Répondre à une demande croissante en technologies renouvelables
Avec cette concurrence accrue et la baisse tendancielle du coût des énergies renouvelables, la rentabilité des projets est en recul, « de 5 % à 10 % sur les dernières années », estime Mike Scholey. Sans oublier les difficultés récurrentes pour se faire payer par certains clients, ce qui constitue « un problème dans un pays et une préoccupation dans un autre », confie-t-il, refusant d’être plus précis. « Nous répartissons le risque grâce à une combinaison de projets à un stade de développement précoce et à un stade avancé, ce qui nous offre une meilleure visibilité en matière de trésorerie », reprend le patron, ajoutant que s’« il n’y a aucun problème pour financer des projets compris entre 500 et 700 millions de dollars, au-delà, c’est plus compliqué ».
Nous devons investir pour accroître notre savoir-faire
Globeleq, comme tous les autres acteurs, est confronté à un dernier défi : répondre à une demande croissante en technologies renouvelables, sachant que le problème du stockage de ces énergies intermittentes n’est pas encore résolu. Actuellement, 61 % de l’électricité produite par Globeleq est issue de centrales à gaz, 15 % de centrales solaires et autant (12 %) de parcs éoliens que de centrales à fioul. Pour rééquilibrer son mix énergétique, Globeleq doit gagner en compétences.
« Nous ne sommes pas comme certains grands groupes qui bénéficient d’un effet d’apprentissage lié à leurs projets développés ailleurs dans le monde, souligne Mike Scholey, passé par le spécialiste de l’éolien Continental Wind Partners. Nous devons investir pour accroître notre savoir-faire, d’où notre décision d’aller en Afrique du Sud sur de l’éolien et du solaire. » Au Mozambique, dans le cadre du projet solaire de Cuamba, le groupe travaille sur un projet de stockage par batterie. Une autre façon de préparer l’avenir.

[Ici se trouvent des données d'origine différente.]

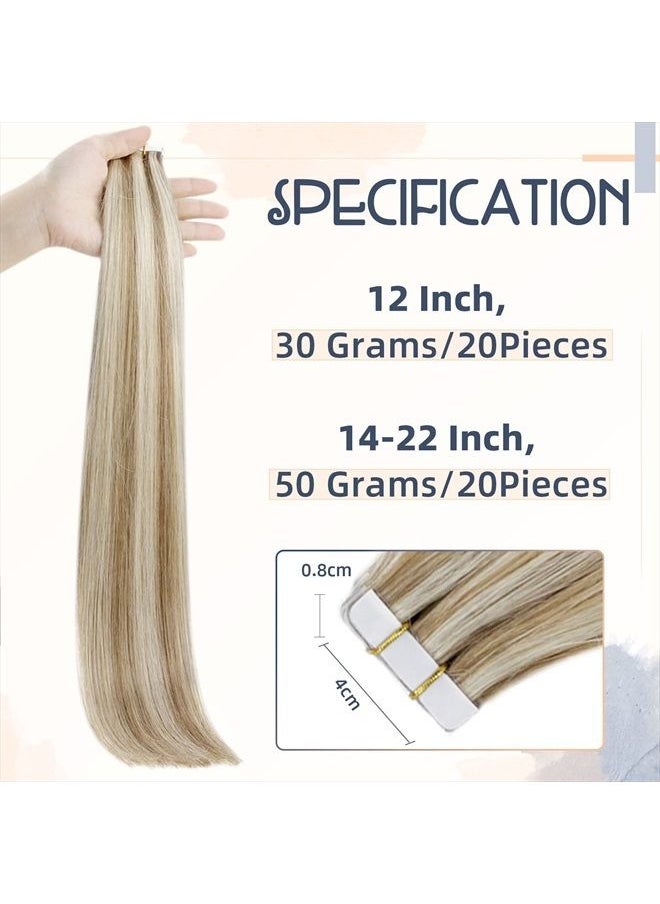 RUNATURE 22 Inch Hair Extensions Tape in Real Human Hair Extensions Color Ash Brown Highlight Platinum Blonde Hair Tape in Extensions Skin Weft Blonde Human Hair Tape Ins 50g 20pcs  - Image 4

Gridworks se positionne sur la distribution
Le continent a besoin de produire plus d’énergie. Mais il doit aussi investir dans les réseaux de distribution. Partant de ce constat, CDC Group a lancé en juin 2019 la société Gridworks, spécialisée dans le transport d’électricité et les solutions énergétiques off-grid. Dirigée par Simon Hodson, Gridworks dispose d’un capital de 300 millions de dollars. À la fin de 2019, Gridworks a réalisé son premier investissement, injectant 7,2 millions de dollars dans le sud-africain Mettle Solar, fournisseur de solutions solaires (80 kW à 10 MW) pour les entreprises, afin d’accélérer son essor en Afrique du Sud, en Namibie et au Kenya.